Mon père fut si épouvanté de la grandeur et de la puissance de ce génie, que sans lui dire un mot il le quitta et alla chez M. Le Pailleur, qui était son ami intime, et qui était aussi très savant. Lorsqu'il y fut arrivé, il demeura immobile comme transporté. M. Le Pailleur, voyant cela, et voyant même qu'il versait quelques larmes, fut épouvanté, et le pria de ne lui pas celer plus longtemps la cause de son déplaisir. Mon père lui répondit: «Je ne pleure pas d'affliction, mais de joie; vous savez le soin que j'ai pris pour ôter à mon fils la connaissance de la géométrie, de peur de le détourner de ses autres études : cependant voyez ce qu'il a fait.» Sur cela il lui montra même ce qu'il avait trouvé, par où l'on pouvait dire en quelque façon qu'il avait trouvé la mathématique.

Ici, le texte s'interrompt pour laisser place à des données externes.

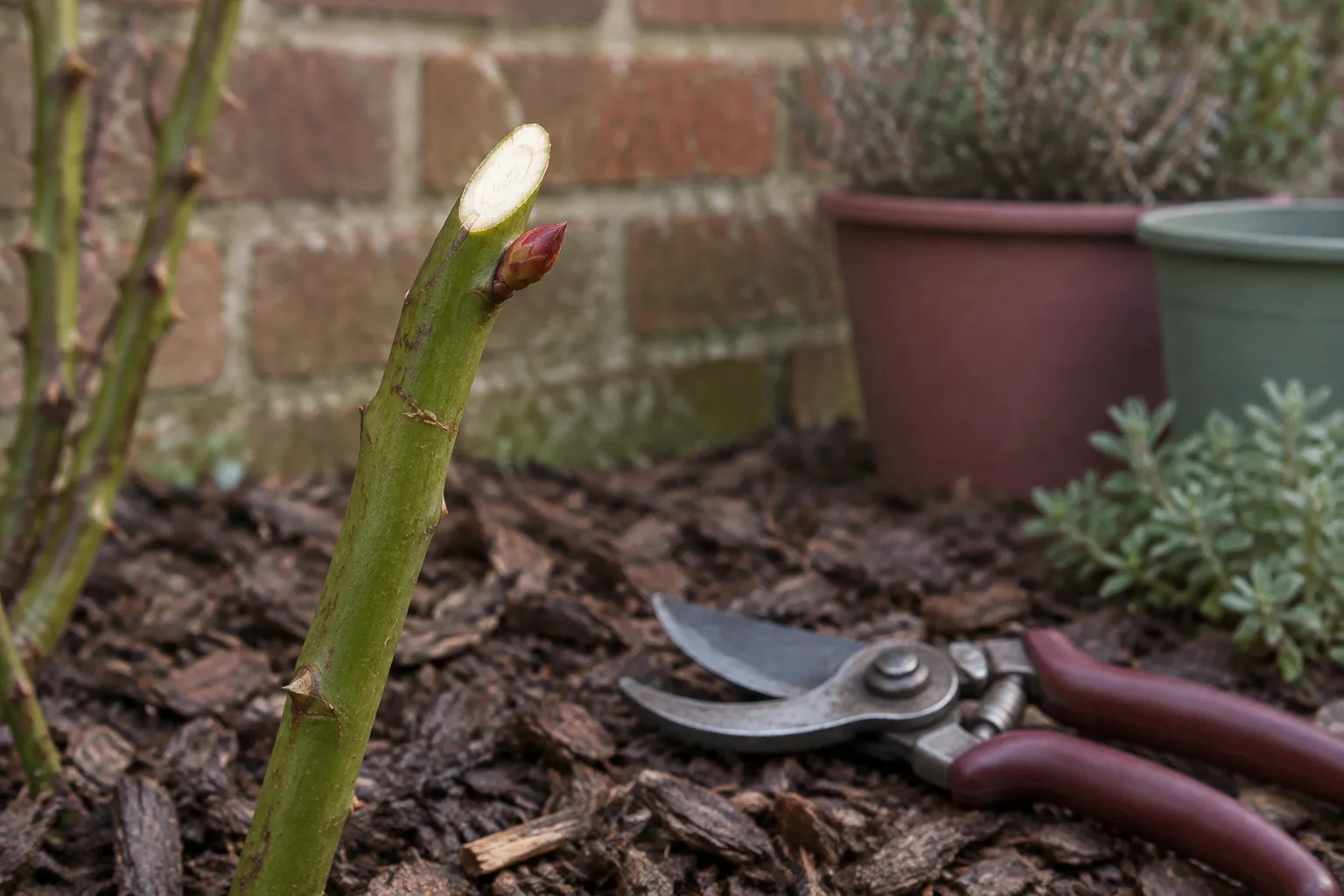 A pruned rose stem cut on a slant just above a small red bud, with secateurs on the mulch below.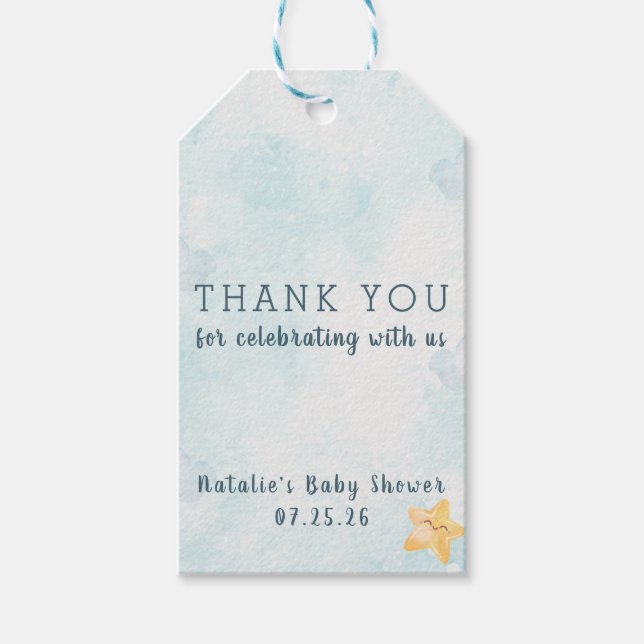 Liten stjärna blå himmel baby shower förmån presentetikett (Framsidan)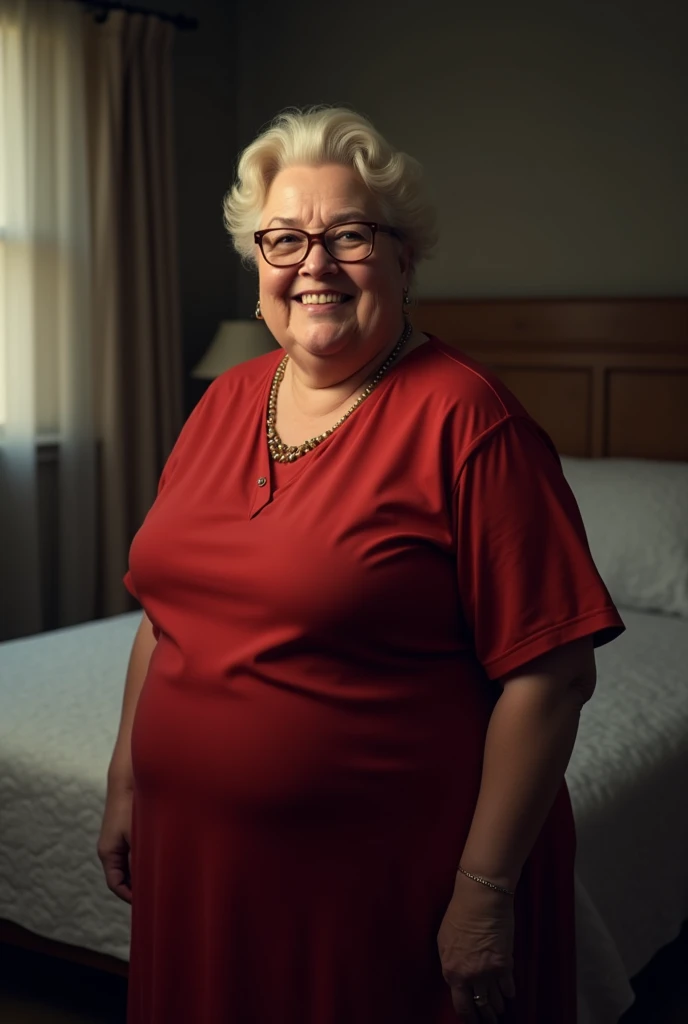 A 67 year old woman, with 1.60 centimeters, 90 kilos, blondie hair, wearing prescription glasses and a red dress. She is seen in full body standing smiling in front of a bed in a dimly lit room at night. 
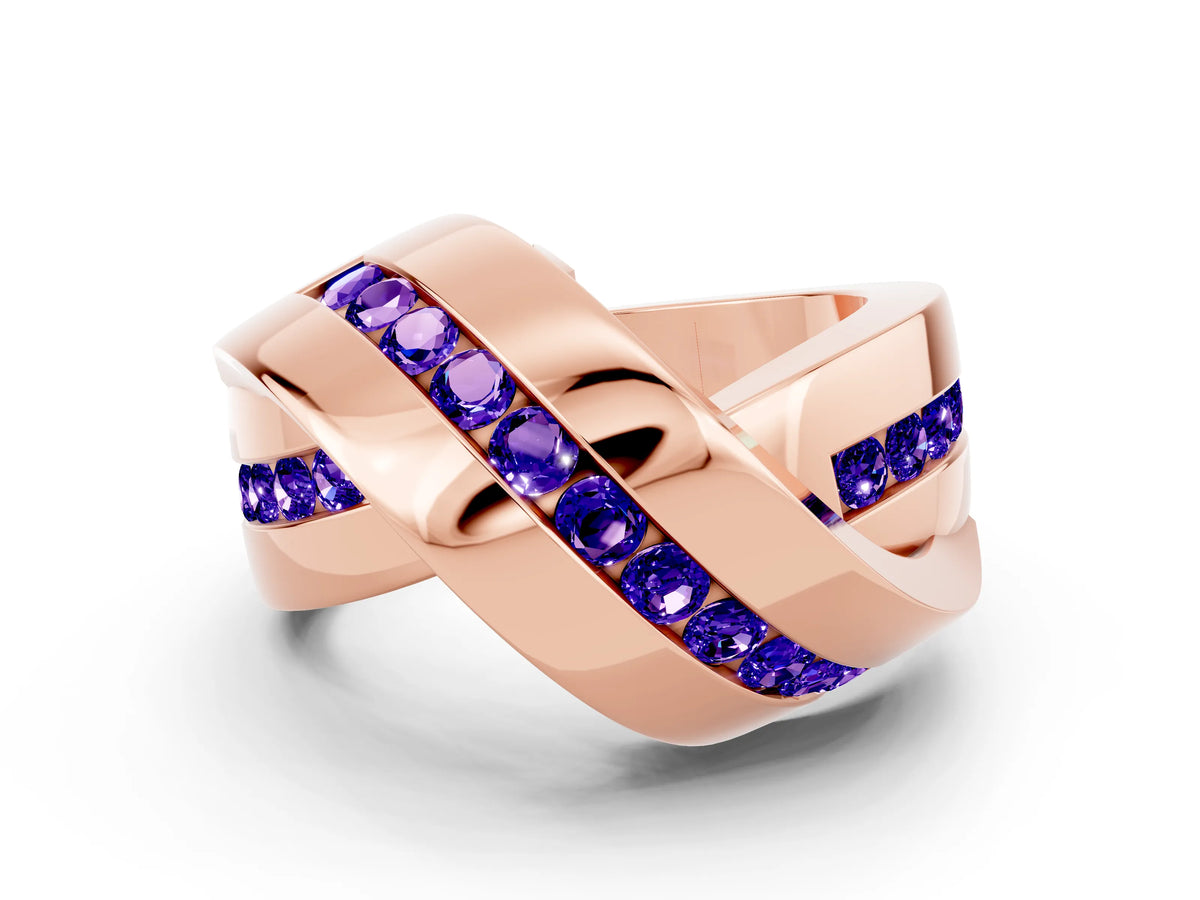 Pavé Round Tanzanite Crossover Band in Rose gold with Channel Setting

M. Le Pailleur ne fut pas moins surpris que mon père l'avait été, et lui dit qu'il ne trouvait pas juste de captiver plus longtemps cet esprit, et de lui cacher encore cette connaissance; qu'il fallait lui laisser voir les livres sans le retenir davantage.

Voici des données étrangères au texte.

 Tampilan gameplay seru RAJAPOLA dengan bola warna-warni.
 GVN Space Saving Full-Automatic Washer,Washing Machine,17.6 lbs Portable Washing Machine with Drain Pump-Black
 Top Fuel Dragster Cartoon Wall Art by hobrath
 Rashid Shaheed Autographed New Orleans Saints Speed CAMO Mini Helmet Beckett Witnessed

Mon père, ayant trouvé cela à propos, lui donna les Éléments d'Euclide, pour les lire à ses heures de récréation. Il les vit et les entendit tout seul, sans avoir jamais eu besoin d'explication ; et pendant qu'il les voyait, il composait et allait si avant, qu'il se trouvait régulièrement aux conférences qui se faisaient toutes les semaines, où tous les habiles gens de Paris s'assemblaient pour porter leurs ouvrages, et pour examiner ceux des autres. Mon frère tenait fort bien son rang, tant pour l'examen que pour la production ; car il était de ceux qui y portaient le plus souvent des choses nouvelles. On voyait souvent aussi dans ces assemblées des propositions qui étaient envoyées d'Allemagne et d'autres pays étrangers, et on prenait son avis sur tout avec autant de soin que de pas un autre ; car il avait des lumières si vives, qu'il est arrivé qu'il a découvert des fautes dont les autres ne s'étaient point aperçus. Cependant il n'employait à cette étude que les heures de récréation ; car il apprenait le latin sur des règles que mon père lui avait faites exprès. Mais comme il trouvait dans cette science la vérité qu'il avait toujours cherchée si ardemment, il en était si satisfait, qu'il y mettait tout son esprit ; de sorte que, pour peu qu'il s'y occupât, il y avançait tellement, qu'à l'âge de seize ans il fit un Traité des Coniques qui passa pour un si grand effort d'esprit, qu'on disait que depuis Archimède on n'avait rien vu de cette force. Tous les habiles gens étaient d'avis qu'on l'imprimât dès lors, parce qu'ils disaient qu'encore que ce fût un ouvrage qui serait toujours admirable, néanmoins, si on l'imprimait dans le temps que celui qui l'avait inventé n'avait encore que seize ans, cette circonstance ajouterait beaucoup à sa beauté : mais comme mon frère n'a jamais eu de passion pour la réputation, il ne fit point de cas de cela ; et ainsi, cet ouvrage n'a jamais été imprimé.